Redundant data costs money in storage space (both digital and physical). Uncovering redundancy will help your business manage against it after data auditing is complete.

3. How is your business data used?

It’s not uncommon for business data to sit idle in IT systems and filing cabinets. This is one of the most common mistakes companies make with their analytics. If you don’t use the data you store, it can’t work to your business’ benefit.

Consider your quarterly business reviews. You likely review sales numbers during a quarterly review, but could the quality of the review increase if you supplemented sales numbers with additional data?

What if you reviewed sales data alongside outbound sales calls? Do sales increase as proactive calls increase? Do customers buy more when their sales rep consistently follow up? What about sales in relation to sales promotions?

Your business data use generally falls into one of three buckets:

  • Data stored but ignored (data that is saved/filed and forgotten)
  • Data actively reviewed and acted upon (sales data at a quarterly review)
  • Data not actively used but with the potential to drive business action (outbound sales calls)

It helps to place your data into one of these three groups. After you complete the audit, you can determine what data you can move into another bucket that helps better your business.

4. Who has access to your data?

With a map of your data types and location, you need to know who in your business has access to the data.

Data is becoming more and more valuable in the modern world, but it is also easily transferable. That means unrestricted access to your business data can leave your business exposed to serious harm.

You can’t prevent access to your data unless you understand who has access to the data. Once you understand access, you can build policies restricting and controlling access. Employees don’t need access to all of your business data.

For instance, does finance need access to employee files? Likely not. Does human resources need access to customer sales data? Likely not.

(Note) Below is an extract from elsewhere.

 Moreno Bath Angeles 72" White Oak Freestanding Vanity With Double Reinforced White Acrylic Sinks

Data is an asset, but it can become a liability if not properly controlled. Control starts with understanding access.

5. How is your data protected?

Securing your data includes protection from outside your business and segmenting data within your business.

If your employees don’t need access to certain business data, block their access.

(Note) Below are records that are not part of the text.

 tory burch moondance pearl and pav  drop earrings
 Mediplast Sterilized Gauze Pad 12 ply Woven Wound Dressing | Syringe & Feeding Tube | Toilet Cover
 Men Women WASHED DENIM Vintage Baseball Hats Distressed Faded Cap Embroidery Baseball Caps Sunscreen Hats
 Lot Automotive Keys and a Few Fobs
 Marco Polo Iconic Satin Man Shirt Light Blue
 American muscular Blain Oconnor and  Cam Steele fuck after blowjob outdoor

First and foremost, password protect access to customer-related data that exists in your CRM, ERP, and other company systems. Your sales reps and executives need access. But, human resources and facilities do not. Segment accordingly.

Internal controls are one level of protection, but you need to protect all of your data assets from external sources. Basic firewall protection is a must. For extra sensitive data, you may need more than a firewall. Consider encryption and higher levels of security for such data.

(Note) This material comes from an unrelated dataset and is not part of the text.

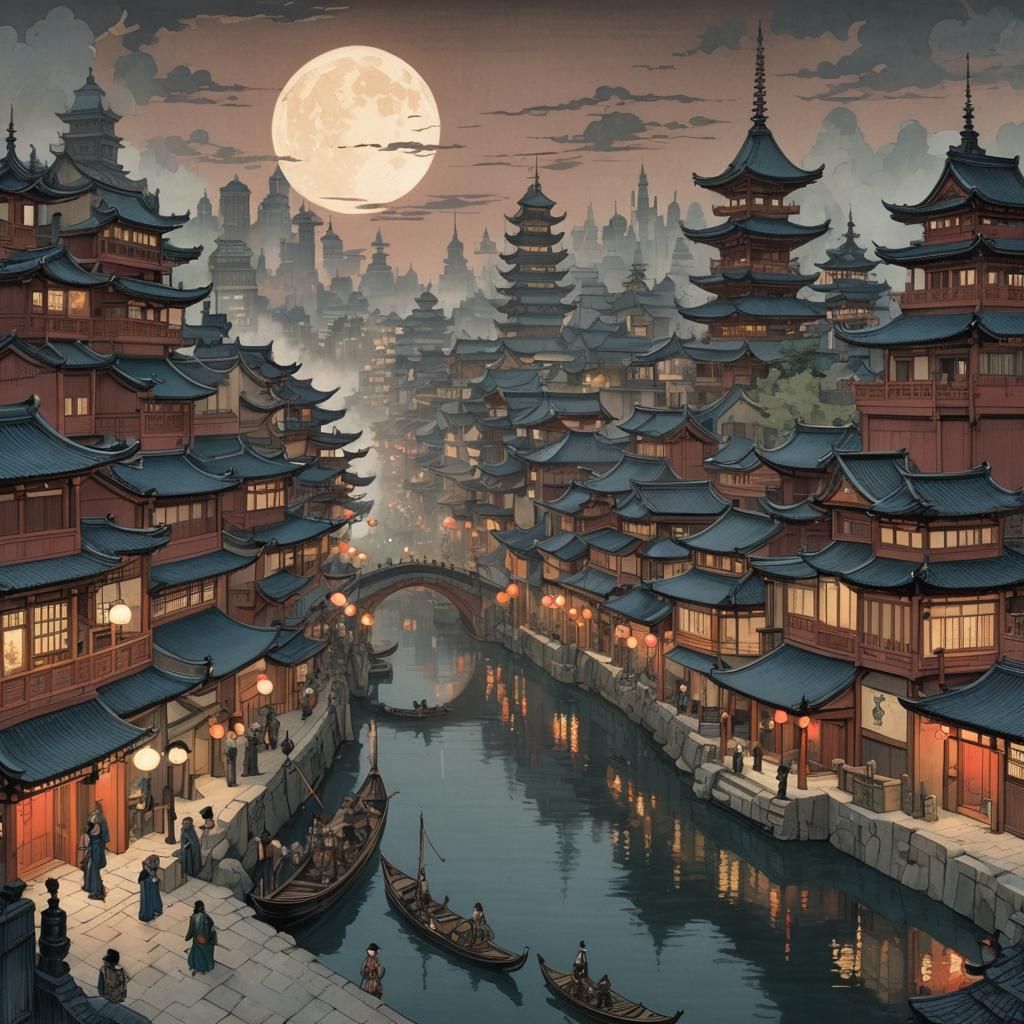 Ankh-Morpork Cityscape in Ukiyo-e Style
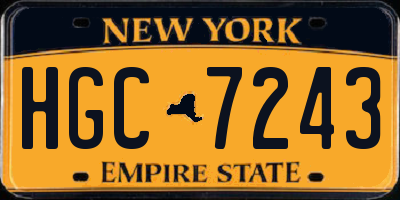 NY license plate HGC7243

The biggest data-related legal news in the past few years has been the GDPR in Europe, with all signs pointing to similar privacy laws being enacted through the rest of the world as well.

GDPR put new burdens on businesses regarding data privacy in the EU. Many businesses were forced to take dramatic measures to change the way they were protecting and sharing customer data and employee data.

While GDPR made headlines, data-related legal compliance stretches beyond Europe. In the US, certain states have followed GDPR’s guidance and have passed their own data privacy laws; namely, California and Massachusetts

To understand the legal landscape, consult an expert and add a privacy element to your data auditing.

Take action now, your profits will thank you later

A data audit will identify areas where you can make better use of your business data. You may be forced to make some changes to stay compliant with the changing legal landscape. Commit to making a plan and executing the plan based on the results.

Orient yourself around five questions:

  • What data types do you have?
  • Where is that data stored?
  • How is the data used?
  • Who has access to the data?
  • How do you protect the data?

With these questions answered, you can proactively manage your data to better protect your business and your profits.